Chinese shoppers spent $1.8 bln in Hainan duty-free stores in 4 months
Shoppers at the Sanya International Duty-Free Shopping Complex, Hainan, China, July 1, 2020. /CFP

Shoppers at the Sanya International Duty-Free Shopping Complex, Hainan, China, July 1, 2020. /CFP

Thanks to the new policy and domestic travel recovery from the COVID-19 disruption, sales of duty-free shops in south China's island province of Hainan surged by a year-on-year 214 percent for the past four months, hitting 12 billion yuan (about $1.8 billion), customs data showed Tuesday.

The pandemic has forcibly grounded Chinese outbound tourists. However, Chinese consumers' enthusiasm for "buying global" has proven to be unfettered. They have diverted their attention to other channels, like cross-border shopping platforms and duty-free shops.

Nearly 1.8 million shoppers visited Hainan duty-free stores from July 1 to October 31, an increase of 59 percent compared to the same period last year, according to Haikou Customs.

Duty-free shops in China allow all travelers, not just international ones to buy.
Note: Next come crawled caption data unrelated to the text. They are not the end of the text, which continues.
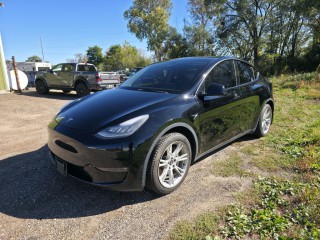 Image for 2021 Tesla Model Y Long Range ID: 7703538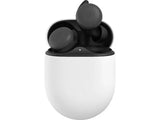 Pre-owned Genuine Google Pixel Buds 2 True Wireless In-Ear Headphones-Almost Black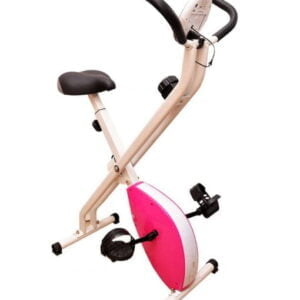 BICYCLE ERGOMETER ? EXERCISE BIKE FOR FITNESS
China currently taxes imported consumer goods, such as garments and beauty products, an average of 6.9 percent and high-end cosmetics by 15 percent. But tariffs for many luxury products, such as perfumes and watches, exceed 30 percent.

Data revealed that cosmetics, watches and jewelry are the most popular goods among buyers in Hainan duty-free stores, together, they made up 72.8 percent of all sales in the period.

Favorable policies also added fuel to the rocketing in sales. Hainan has offered greater visa-free access and duty-free shopping for tourists since July 1. 

Meanwhile, the annual quota for individuals making duty-free purchases on the island tripled to 100,000 yuan, and the duty-free product catalog increased from 38 to 45 items with some electronic products and wines newly added to the duty-free list.

China's duty-free industry began in 1979 and has grown rapidly. Total duty-free retail sales in the country exceeded 50 billion yuan in 2019, according to a China Securities report. 

China's duty-free retail giant China Duty Free Group owns all four offshore duty-free shops in the island province. Its parent company China Tourism Group Duty Free generated 19.3 million yuan in revenue in the first half of 2020, making it the world's largest duty-free retailer.